-- TASK MATERIAL follows --

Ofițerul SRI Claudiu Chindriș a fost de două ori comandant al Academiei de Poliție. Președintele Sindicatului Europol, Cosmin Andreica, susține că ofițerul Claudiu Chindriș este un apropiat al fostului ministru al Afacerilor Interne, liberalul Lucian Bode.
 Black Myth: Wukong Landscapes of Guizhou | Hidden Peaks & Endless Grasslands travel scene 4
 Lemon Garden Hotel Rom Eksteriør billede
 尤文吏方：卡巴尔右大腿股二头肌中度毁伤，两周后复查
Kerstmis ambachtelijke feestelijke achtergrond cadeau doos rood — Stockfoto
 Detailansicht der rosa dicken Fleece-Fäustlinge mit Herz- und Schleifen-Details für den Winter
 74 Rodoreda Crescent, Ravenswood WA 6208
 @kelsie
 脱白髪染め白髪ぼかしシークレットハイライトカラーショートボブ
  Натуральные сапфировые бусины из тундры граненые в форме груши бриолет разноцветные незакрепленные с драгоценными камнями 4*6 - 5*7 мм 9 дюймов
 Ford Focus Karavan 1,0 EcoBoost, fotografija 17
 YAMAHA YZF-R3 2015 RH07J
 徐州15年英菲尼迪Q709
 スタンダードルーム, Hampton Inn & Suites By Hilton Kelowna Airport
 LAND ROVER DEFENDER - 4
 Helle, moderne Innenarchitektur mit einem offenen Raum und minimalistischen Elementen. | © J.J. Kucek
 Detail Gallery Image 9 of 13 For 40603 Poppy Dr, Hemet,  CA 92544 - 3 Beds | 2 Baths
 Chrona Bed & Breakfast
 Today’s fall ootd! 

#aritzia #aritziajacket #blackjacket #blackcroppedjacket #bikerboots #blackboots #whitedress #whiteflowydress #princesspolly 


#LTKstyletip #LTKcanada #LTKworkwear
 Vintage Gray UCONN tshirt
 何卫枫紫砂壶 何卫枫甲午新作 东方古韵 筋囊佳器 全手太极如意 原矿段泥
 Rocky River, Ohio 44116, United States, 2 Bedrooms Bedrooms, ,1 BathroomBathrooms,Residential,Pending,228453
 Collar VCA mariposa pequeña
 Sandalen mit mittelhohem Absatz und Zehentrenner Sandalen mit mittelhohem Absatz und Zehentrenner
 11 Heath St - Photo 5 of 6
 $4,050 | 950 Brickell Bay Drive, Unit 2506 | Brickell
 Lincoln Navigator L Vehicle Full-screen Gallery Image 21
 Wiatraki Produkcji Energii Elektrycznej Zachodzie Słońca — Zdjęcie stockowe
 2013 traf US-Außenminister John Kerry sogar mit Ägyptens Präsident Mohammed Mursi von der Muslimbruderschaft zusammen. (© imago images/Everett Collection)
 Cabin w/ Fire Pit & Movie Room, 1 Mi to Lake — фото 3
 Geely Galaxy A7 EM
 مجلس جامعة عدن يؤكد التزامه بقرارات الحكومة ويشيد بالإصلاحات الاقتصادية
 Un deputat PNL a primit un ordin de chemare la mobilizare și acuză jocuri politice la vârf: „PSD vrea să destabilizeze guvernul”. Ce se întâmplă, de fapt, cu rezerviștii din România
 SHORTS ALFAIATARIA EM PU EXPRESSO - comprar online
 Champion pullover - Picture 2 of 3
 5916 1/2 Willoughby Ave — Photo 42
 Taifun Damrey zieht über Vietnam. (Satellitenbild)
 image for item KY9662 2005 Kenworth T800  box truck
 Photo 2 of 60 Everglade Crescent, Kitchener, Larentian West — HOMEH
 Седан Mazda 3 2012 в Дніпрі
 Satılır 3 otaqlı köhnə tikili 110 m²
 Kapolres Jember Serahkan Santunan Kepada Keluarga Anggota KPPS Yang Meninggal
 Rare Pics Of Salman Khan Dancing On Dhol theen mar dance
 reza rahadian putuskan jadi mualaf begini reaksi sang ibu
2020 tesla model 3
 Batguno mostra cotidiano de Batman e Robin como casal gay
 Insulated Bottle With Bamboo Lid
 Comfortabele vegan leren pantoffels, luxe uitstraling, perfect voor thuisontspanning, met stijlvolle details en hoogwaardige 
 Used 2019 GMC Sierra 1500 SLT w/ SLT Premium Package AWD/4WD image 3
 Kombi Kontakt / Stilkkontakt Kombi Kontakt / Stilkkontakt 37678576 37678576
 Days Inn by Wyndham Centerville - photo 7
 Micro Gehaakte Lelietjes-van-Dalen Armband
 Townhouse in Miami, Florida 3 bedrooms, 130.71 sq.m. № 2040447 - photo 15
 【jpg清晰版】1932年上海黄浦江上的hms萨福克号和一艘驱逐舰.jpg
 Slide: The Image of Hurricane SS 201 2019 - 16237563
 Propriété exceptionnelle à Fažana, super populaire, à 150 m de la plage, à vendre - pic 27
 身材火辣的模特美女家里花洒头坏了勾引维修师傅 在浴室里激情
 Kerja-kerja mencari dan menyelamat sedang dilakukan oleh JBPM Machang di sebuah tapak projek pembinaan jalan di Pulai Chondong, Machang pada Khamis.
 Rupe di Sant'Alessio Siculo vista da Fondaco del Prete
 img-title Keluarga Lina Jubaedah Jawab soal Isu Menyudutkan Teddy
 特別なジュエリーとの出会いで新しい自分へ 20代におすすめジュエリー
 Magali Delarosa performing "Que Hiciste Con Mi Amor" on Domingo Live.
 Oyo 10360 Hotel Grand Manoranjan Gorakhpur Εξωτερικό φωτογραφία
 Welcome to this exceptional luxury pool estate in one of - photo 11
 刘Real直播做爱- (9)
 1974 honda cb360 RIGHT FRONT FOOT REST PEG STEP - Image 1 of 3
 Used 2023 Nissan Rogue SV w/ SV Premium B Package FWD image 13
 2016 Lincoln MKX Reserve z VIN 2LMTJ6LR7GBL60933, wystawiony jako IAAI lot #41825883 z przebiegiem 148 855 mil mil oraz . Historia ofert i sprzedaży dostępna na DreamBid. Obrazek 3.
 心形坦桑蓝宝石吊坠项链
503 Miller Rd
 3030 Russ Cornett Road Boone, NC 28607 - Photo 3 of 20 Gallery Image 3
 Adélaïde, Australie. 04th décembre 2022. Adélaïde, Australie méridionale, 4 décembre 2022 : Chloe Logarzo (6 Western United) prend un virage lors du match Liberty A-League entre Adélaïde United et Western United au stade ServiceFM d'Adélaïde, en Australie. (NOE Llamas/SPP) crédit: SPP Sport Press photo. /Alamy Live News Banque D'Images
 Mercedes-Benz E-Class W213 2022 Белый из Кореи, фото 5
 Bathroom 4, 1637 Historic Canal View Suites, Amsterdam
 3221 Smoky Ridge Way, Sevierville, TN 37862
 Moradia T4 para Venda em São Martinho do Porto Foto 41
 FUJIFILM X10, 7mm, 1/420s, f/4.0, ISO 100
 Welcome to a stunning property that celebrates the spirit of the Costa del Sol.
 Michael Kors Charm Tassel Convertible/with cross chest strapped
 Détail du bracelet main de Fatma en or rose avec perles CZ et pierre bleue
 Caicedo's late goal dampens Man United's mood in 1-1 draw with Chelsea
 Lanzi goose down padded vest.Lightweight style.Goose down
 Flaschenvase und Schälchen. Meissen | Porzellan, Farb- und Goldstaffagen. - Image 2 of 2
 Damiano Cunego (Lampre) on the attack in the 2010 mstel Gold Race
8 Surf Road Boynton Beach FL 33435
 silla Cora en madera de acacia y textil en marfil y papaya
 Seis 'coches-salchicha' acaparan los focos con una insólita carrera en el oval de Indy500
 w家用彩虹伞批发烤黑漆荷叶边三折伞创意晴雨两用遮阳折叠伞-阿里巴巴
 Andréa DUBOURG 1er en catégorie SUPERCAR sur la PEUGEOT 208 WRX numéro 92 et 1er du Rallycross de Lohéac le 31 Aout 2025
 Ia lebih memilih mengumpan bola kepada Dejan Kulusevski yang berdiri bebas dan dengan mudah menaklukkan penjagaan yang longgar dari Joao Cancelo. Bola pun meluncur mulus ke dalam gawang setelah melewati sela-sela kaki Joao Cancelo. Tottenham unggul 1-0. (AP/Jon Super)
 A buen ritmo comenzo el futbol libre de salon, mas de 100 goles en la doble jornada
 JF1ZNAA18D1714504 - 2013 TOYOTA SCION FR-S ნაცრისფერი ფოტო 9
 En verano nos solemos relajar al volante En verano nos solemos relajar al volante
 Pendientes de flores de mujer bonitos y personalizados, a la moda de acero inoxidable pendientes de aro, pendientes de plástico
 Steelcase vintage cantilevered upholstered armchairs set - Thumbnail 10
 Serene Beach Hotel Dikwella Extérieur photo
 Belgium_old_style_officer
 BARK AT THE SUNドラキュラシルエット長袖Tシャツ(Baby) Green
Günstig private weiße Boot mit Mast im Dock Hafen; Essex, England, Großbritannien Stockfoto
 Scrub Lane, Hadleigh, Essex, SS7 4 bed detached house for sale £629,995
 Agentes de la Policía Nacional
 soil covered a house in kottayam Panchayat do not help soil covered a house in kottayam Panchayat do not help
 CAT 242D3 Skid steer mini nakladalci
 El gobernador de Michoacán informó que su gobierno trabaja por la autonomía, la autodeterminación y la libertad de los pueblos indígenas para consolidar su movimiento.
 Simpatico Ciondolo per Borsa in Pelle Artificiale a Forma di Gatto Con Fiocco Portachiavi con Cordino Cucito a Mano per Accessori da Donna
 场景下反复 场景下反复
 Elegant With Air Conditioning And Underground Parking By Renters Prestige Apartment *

-- TASK MATERIAL concluded --

*WHAT IS REQUIRED*:
Begin at the first line of the entries above and copy every line exactly, ending with the line that contains "徐州15年英菲尼迪Q709".

*ANSWER BOX*:
Ofițerul SRI Claudiu Chindriș a fost de două ori comandant al Academiei de Poliție. Președintele Sindicatului Europol, Cosmin Andreica, susține că ofițerul Claudiu Chindriș este un apropiat al fostului ministru al Afacerilor Interne, liberalul Lucian Bode.
 Black Myth: Wukong Landscapes of Guizhou | Hidden Peaks & Endless Grasslands travel scene 4
 Lemon Garden Hotel Rom Eksteriør billede
 尤文吏方：卡巴尔右大腿股二头肌中度毁伤，两周后复查
Kerstmis ambachtelijke feestelijke achtergrond cadeau doos rood — Stockfoto
 Detailansicht der rosa dicken Fleece-Fäustlinge mit Herz- und Schleifen-Details für den Winter
 74 Rodoreda Crescent, Ravenswood WA 6208
 @kelsie
 脱白髪染め白髪ぼかしシークレットハイライトカラーショートボブ
  Натуральные сапфировые бусины из тундры граненые в форме груши бриолет разноцветные незакрепленные с драгоценными камнями 4*6 - 5*7 мм 9 дюймов
 Ford Focus Karavan 1,0 EcoBoost, fotografija 17
 YAMAHA YZF-R3 2015 RH07J
 徐州15年英菲尼迪Q709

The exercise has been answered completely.